In this video, at 5:13, I need to know where -theta came from? Why theta?

Jul 2013
476
40
United Kingdom
In this video I got lost at 5:13. How did the guy come up with -theta?? Why didn't he say -x or something? How did -theta fit into the equation at 5:13 so smoothly?

Totally baffled at the moment. Help would be appreciated.

 

romsek

Math Team
Sep 2015
2,961
1,674
USA
I didn't watch the whole vid but he's got $\theta$ labled as the angular distance the inner circle travels during some period of time.
He's essentially using $\theta$ as a time variable.

Why $\theta$? Well it measures angular distance and $\theta$ is usually associated with an angle of some sort.

Why not $\theta$? You have some problem with $\theta$ ?
 
Jul 2013
476
40
United Kingdom
Well you have to watch the video carefully to understand what I mean. He doesn't explain how he got -theta. Any variable could have been used, why that though? Theta had already been used at the start of the video. If he used it again, he should have explained why. You can't just use theta for two different sized angles. He must explain how the second theta got there.
 
Jul 2013
476
40
United Kingdom
He found a relationship and didn't care to mention how he found it. It's a piece that's missing from the jigsaw puzzle.
 
Jul 2013
476
40
United Kingdom
I didn't watch the whole vid but he's got $\theta$ labled as the angular distance the inner circle travels during some period of time.
He's essentially using $\theta$ as a time variable.

Why $\theta$? Well it measures angular distance and $\theta$ is usually associated with an angle of some sort.

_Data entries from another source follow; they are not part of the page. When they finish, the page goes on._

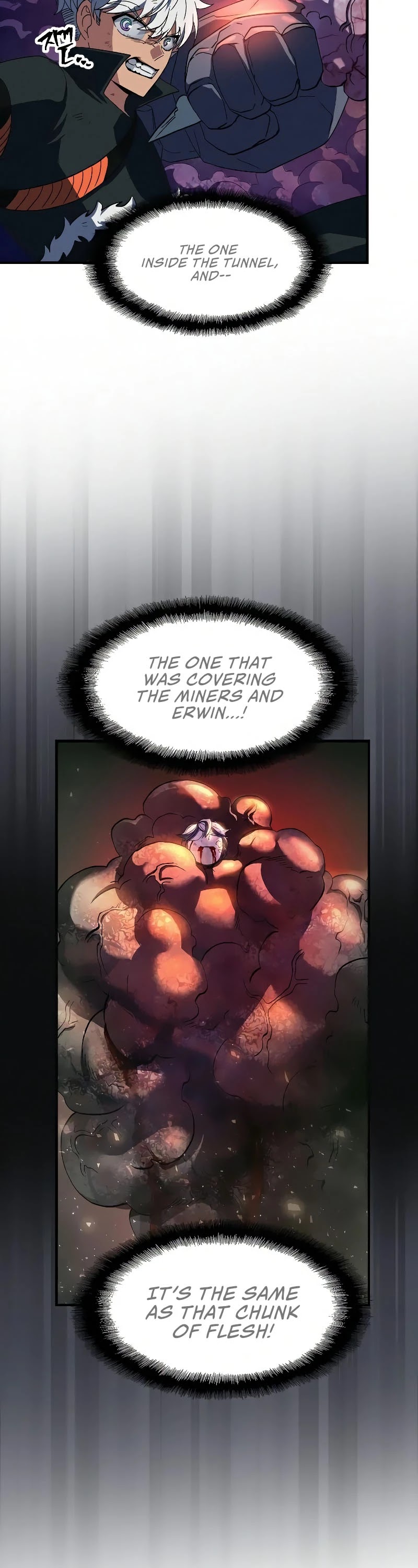 The Last Golden Child Chapter 35 page 19 - Chapter 35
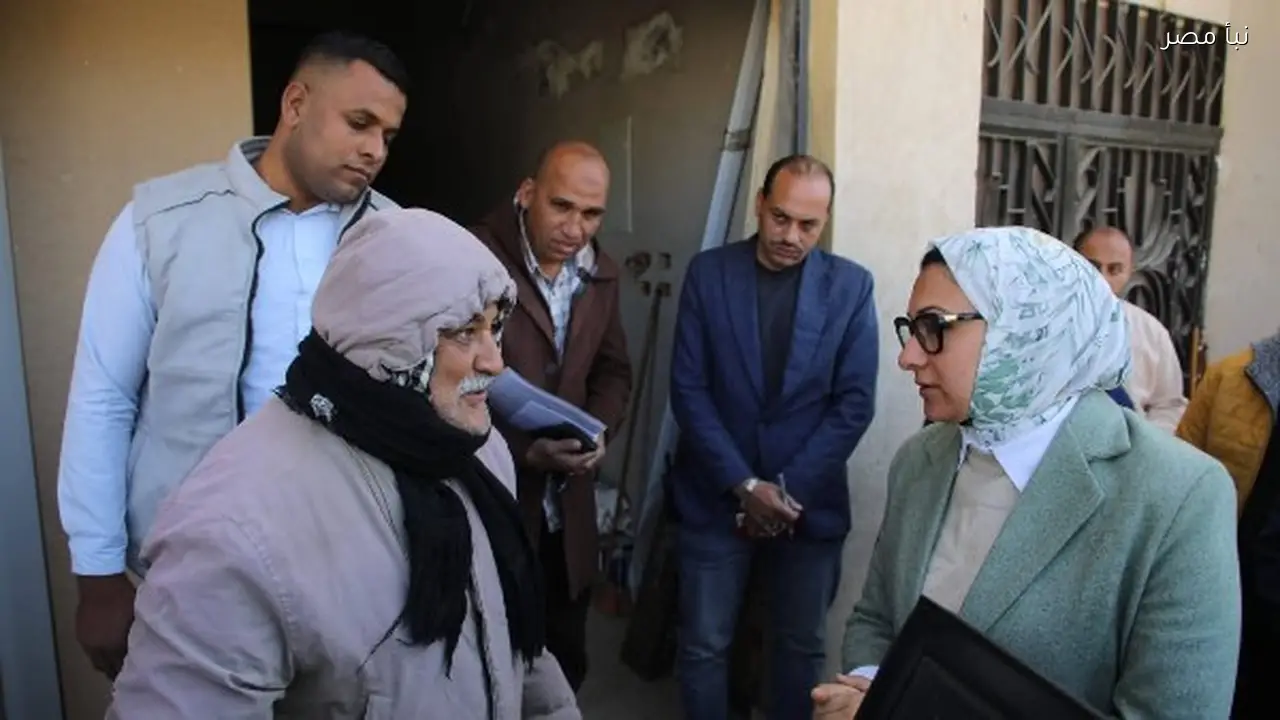 محافظ الوادي الجديد يتفقد تجهيزات مقر صيدلية الإسعاف استعدادًا للافتتاح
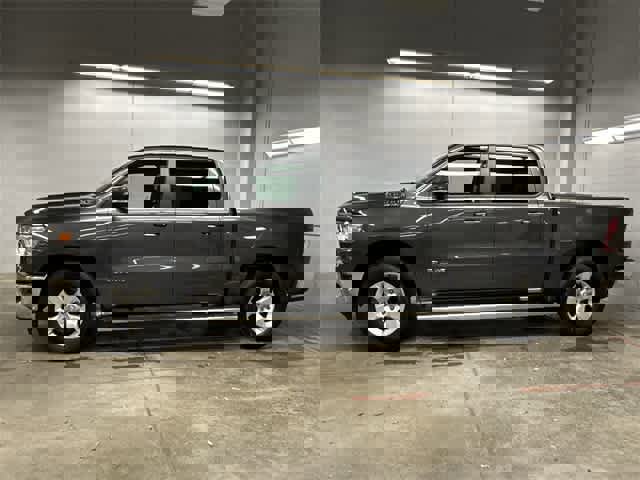 Used 2021 RAM 1500 Big Horn image 2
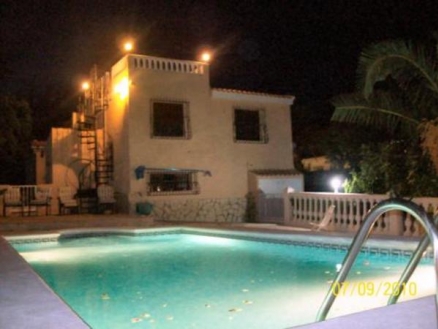 El Campello property: Villa for sale in El Campello, Spain 69194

Why not $\theta$? You have some problem with $\theta$ ?
You can close the discussion. He has to be right not necessarily because theta is a time variable but because of a standard geometrical rule. No matter where the inner circle is, if you strike a line going through the starting point (on its edge) and its radius, which will inevitably intersect one of the lines which forms the angle theta on the large circle, the angle theta will be produced. What you essentially get is two parallel lines intersecting another line going through the radius of the large circle and the radius of the smaller circle. This is what the tutor didn't explain. I knew it had to be the reason why, but it only became obvious after using a pair of compasses to construct the proof.

I have to think of two points on the smaller circle. The starting point which never moves, and the new point which can change.
 
Last edited:

skipjack

Forum Staff
Dec 2006
21,481
2,470
What do you mean by "going through the radius"?